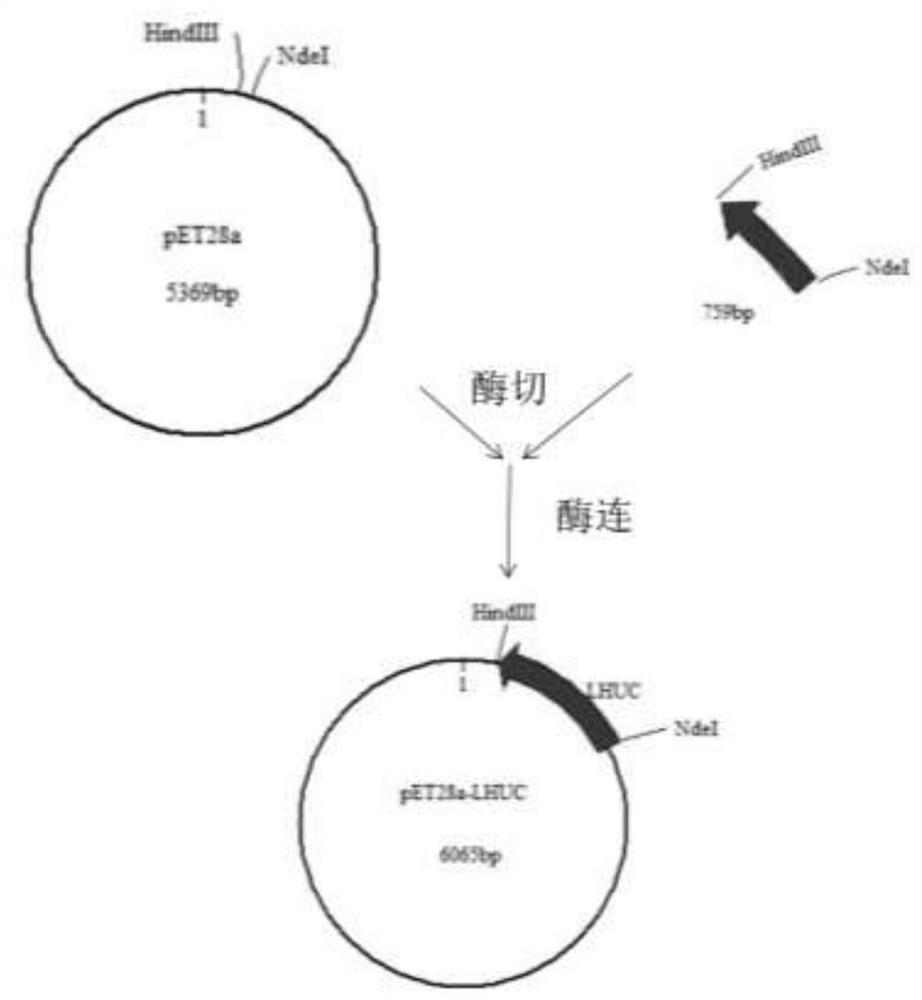 Helicobacter pylori multi-epitope series fusion protein LHUC as well as preparation method and application thereof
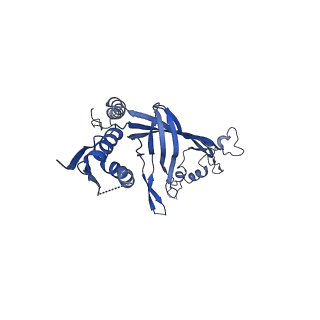 8778_5w68_J_v1-5
Type II secretin from Enteropathogenic Escherichia coli - GspD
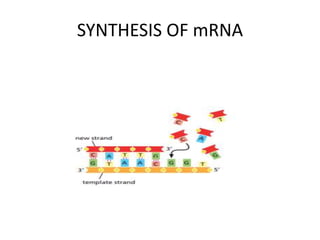 SYNTHESIS OF mRNA
 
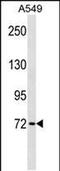 Kelch Repeat And BTB Domain Containing 7 antibody, PA5-49060, Invitrogen Antibodies, Western Blot image 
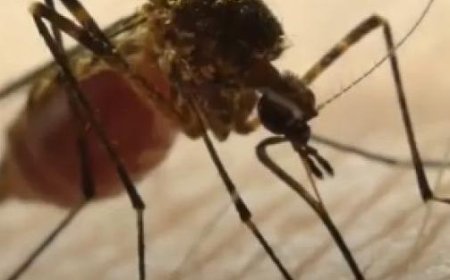 Two Deaths in Parma Due to West Nile Virus – Video报道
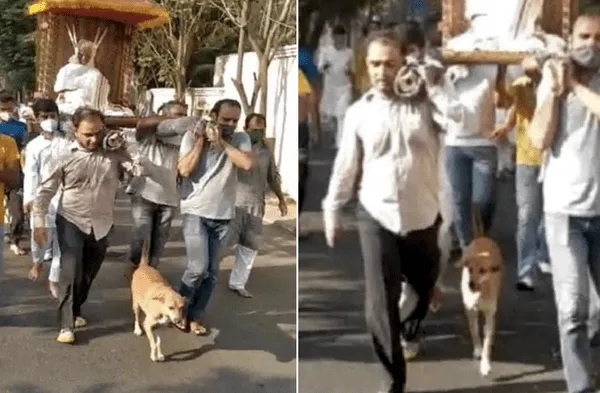 Youtube viral: Perro sin hogar acompañó por 5 kilómetros el ataúd de mujer fallecida que lo alimentaba siempre fotos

________________________________________

▸ Task objective: Copy out all the data without changing anything, and drop the pictures.

▸ Reply:
 Helicobacter pylori multi-epitope series fusion protein LHUC as well as preparation method and application thereof
 8778_5w68_J_v1-5
Type II secretin from Enteropathogenic Escherichia coli - GspD
 SYNTHESIS OF mRNA
 
 Kelch Repeat And BTB Domain Containing 7 antibody, PA5-49060, Invitrogen Antibodies, Western Blot image 
 Two Deaths in Parma Due to West Nile Virus – Video报道
 Youtube viral: Perro sin hogar acompañó por 5 kilómetros el ataúd de mujer fallecida que lo alimentaba siempre fotos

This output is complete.